The South Carolina House has passed a proposed bill that declares the Affordable Care Act null and void, and purports to criminalizes its implementation:
TO AMEND THE CODE OF LAWS OF SOUTH CAROLINA, 1976, SO AS TO ENACT THE “SOUTH CAROLINA FREEDOM OF HEALTH CARE PROTECTION ACT” BY ADDING ARTICLE 21 TO CHAPTER 71, TITLE 38 SO AS TO RENDER NULL AND VOID CERTAIN UNCONSTITUTIONAL LAWS ENACTED BY THE CONGRESS OF THE UNITED STATES TAKING CONTROL OVER THE HEALTH INSURANCE INDUSTRY AND MANDATING THAT INDIVIDUALS PURCHASE HEALTH INSURANCE UNDER THREAT OF PENALTY; TO PROHIBIT CERTAIN INDIVIDUALS FROM ENFORCING OR ATTEMPTING TO ENFORCE SUCH UNCONSTITUTIONAL LAWS; AND TO ESTABLISH CRIMINAL PENALTIES AND CIVIL LIABILITY FOR VIOLATING THIS ARTICLE.

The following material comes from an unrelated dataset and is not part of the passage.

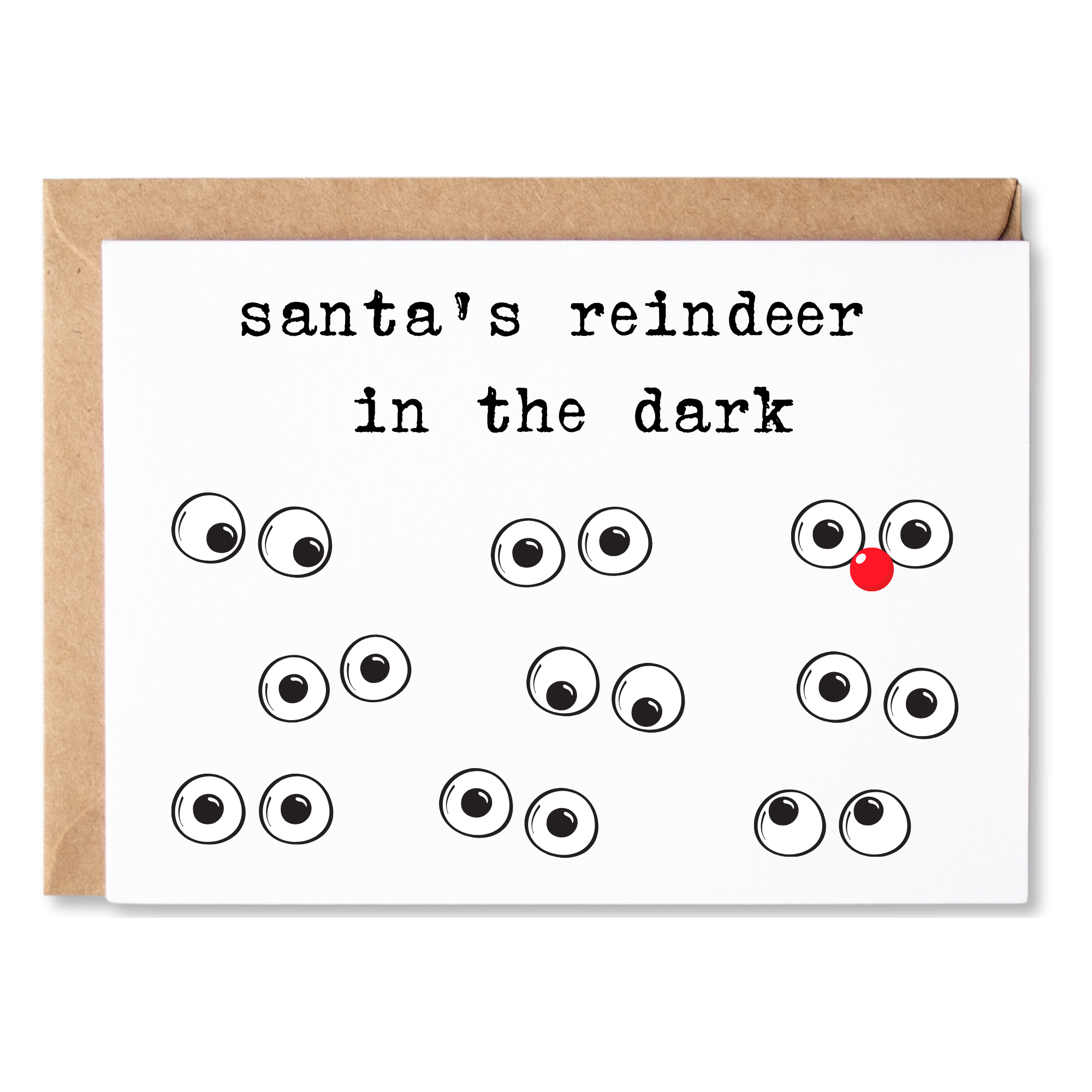 SANTA'S REINDEER IN THE DARK CHRISTMAS CARD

Of course, the Bill is not law unless it is also passed by the Senate and signed by the governor. I took a few minutes and read the Bill – among other things, it declares that the U.S. Supreme Court’s finding that the Affordable Care Act is constitutional . . . was unconstitutional. Apparently, under the new South Carolina system of checks and balances, the judicial branch determines the constitutionality of legislation passed by the legislative branch, and then the legislative branch of the states determines the constitutionality of the decisions of the judicial branch regarding the constitutionality of the legislation passed by the legislative branch. Or something like that.
The Bill also purports to establish criminal penalties and civil liability for violation of the article, but after two readings I could not find the penalty or civil liability, much less the conduct that the Bill purports to criminalize. I suspect it’s not a Bill at all, but rather a press release in Bill’s clothing. A press release would have cost considerably less time and money. I confess, I could care less about the Affordable Care Act, or this Bill, other than the Bill is poorly drafted and, like many, it is a ridiculous waste of time. This is what we pay our representatives for?
We elect these people to represent us, and to draft legislation that will govern our lives, but we don’t demand intelligence, a legal education, or even a basic understanding of constitutional law before we elect them. We usually elect them not based on their character or ability, but based on how much money they are able to spend marketing themselves to us. We elect them knowing that the money they spend marketing themselves to us comes from corporations and special interests who will influence their decisions. Our system of representation is irreparably broken, and, although everyone is complaining, we are paralyzed and unable to fix it.
We could scrap this system of representation. One state could do it, and the rest would follow when they see a new system that works. We could start over with a system where we nominate leaders, and then vote for those leaders based on their character and ability. We can outlaw campaign contributions, allow for nominations, present the candidates with the most nominations who agree to serve, allow them to present their resumes, debate, and speak to the public at designated times, and never allow a candidate or a special interest to buy a seat on the legislature. We could enable a think tank of our best and brightest from across the political spectrum to create a streamlined system that is designed to give us the best leadership possible.
The best leaders don’t ask to be leaders. They don’t campaign to be leaders and they don’t buy their positions. The best leaders are out there living their lives, undoubtedly doing good works with their lives, but they will never serve in government because we don’t ask them to.